However, as a condition of membership in the WTO, China agreed to eliminate taxes and other charges on all exports except those on a list of 84 products included in its WTO accession agreement. Neither the nine raw materials in the current WTO case nor the 17 rare earth elements are among the products that China listed.
The GATT permits measures that would otherwise violate WTO rules if they are "relating to the conservation of exhaustible natural resources if such measures are made effective in conjunction with restrictions on domestic production or consumption," and if they are not applied as a means of "arbitrary or unjustifiable discrimination." This is likely to be China's defense in the raw materials case, and, should there be one, a rare earth elements case as well.
The WTO dispute is now under way. The first U.S. submission is here.

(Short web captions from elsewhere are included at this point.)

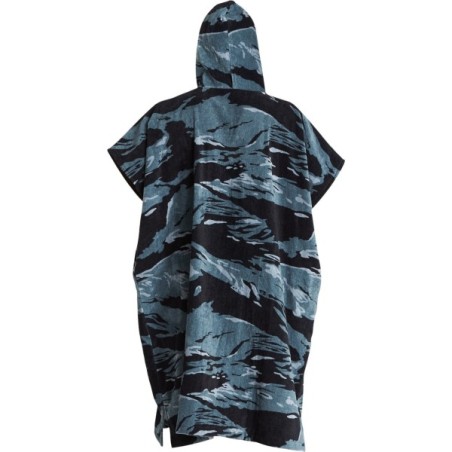 PONCHO BILLABONG NIÑO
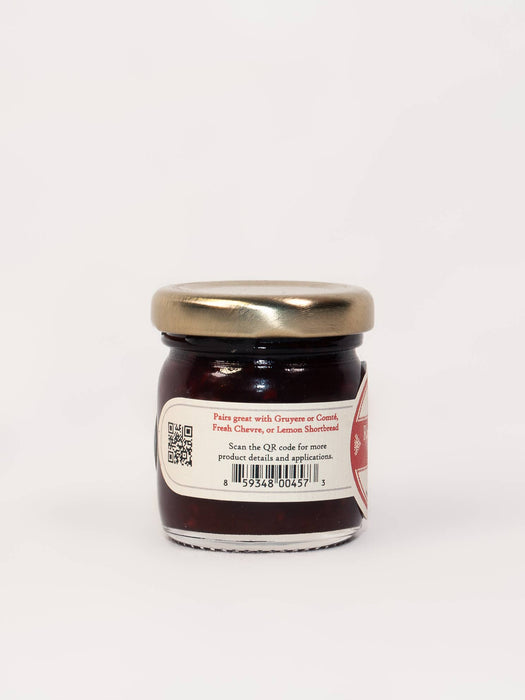 Raspberry Rose Conserve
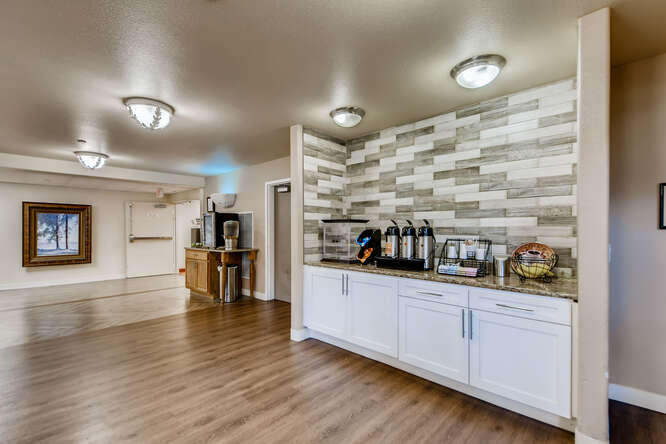 Pinewood Hills - Sky Active Living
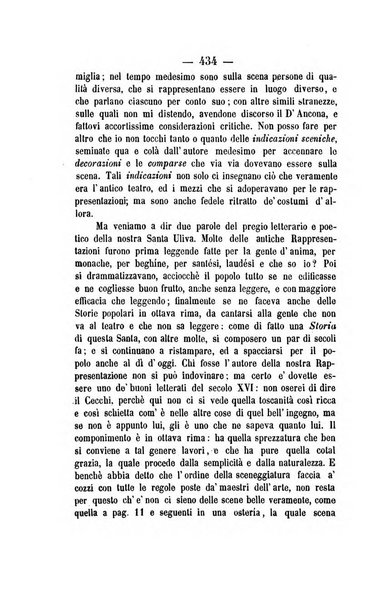 Il Borghini studi di filologia e di lettere italiane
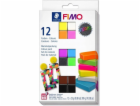 Fimo Mod.masse Effect Neon sada 12 kusů maloobchodní cena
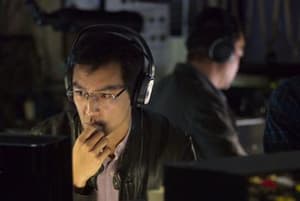 竊聽風雲電影劇照2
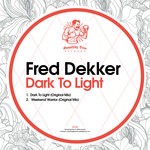 cover: Fred Dekker - Dark To Light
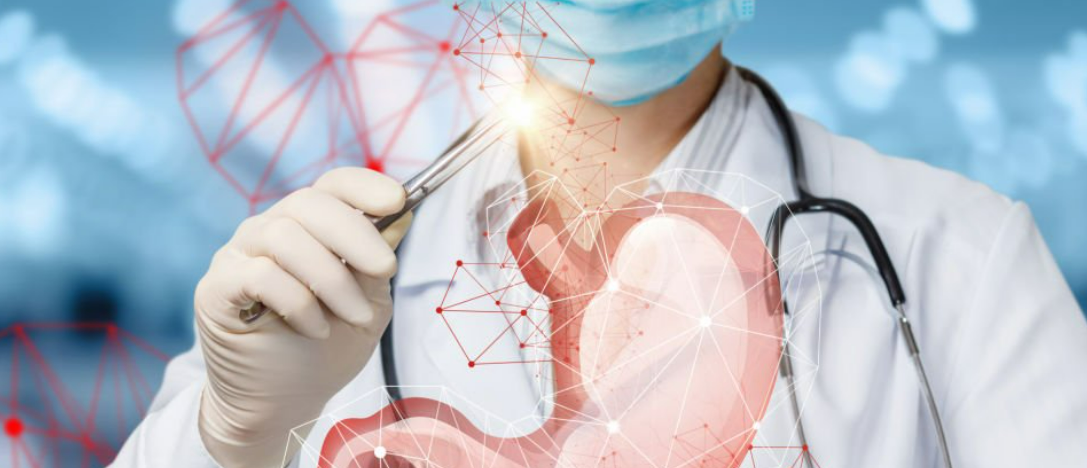 Gastroenterology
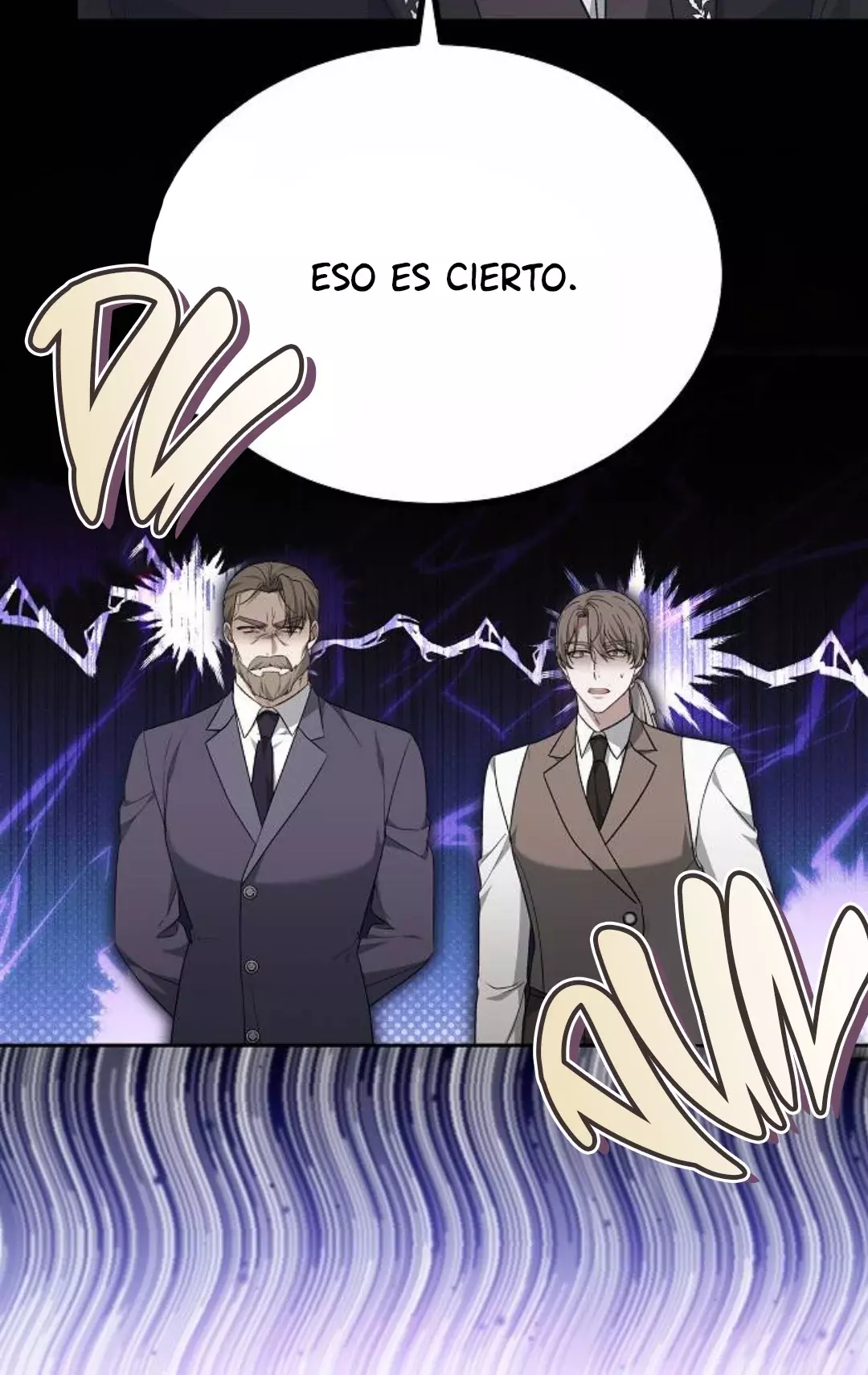 La Era De Omán capítulo 23, página 24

I had thought about summarizing the legal arguments, but many of them are a bit technical, and perhaps not good blog material. I'll just mention two things from the submission.
First, I thought this argument under GATT Article XI:1 was interesting, in that it illustrates how this provision is broader than it may appear at first glance:
1. China’s Minimum Export Price Requirement Is Inconsistent with China’s Obligations under Article XI:1 of the GATT 1994
349. ... China effects a minimum export price requirement for bauxite, coke, fluorspar, magnesium, silicon carbide, yellow phosphorus, and zinc through: (1) a system of “self-discipline” among exporters; (2) penalties imposed by MOFCOM; (3) China’s export license issuing entities; and (4) Customs. This requirement prohibits the exportation of bauxite, coke, fluorspar, magnesium, silicon carbide, yellow phosphorus, and zinc below the price coordinated by the CCCMC and its Branches. The minimum export price requirement thus restricts the exportation of these products and is inconsistent with Article XI:1 of the GATT 1994.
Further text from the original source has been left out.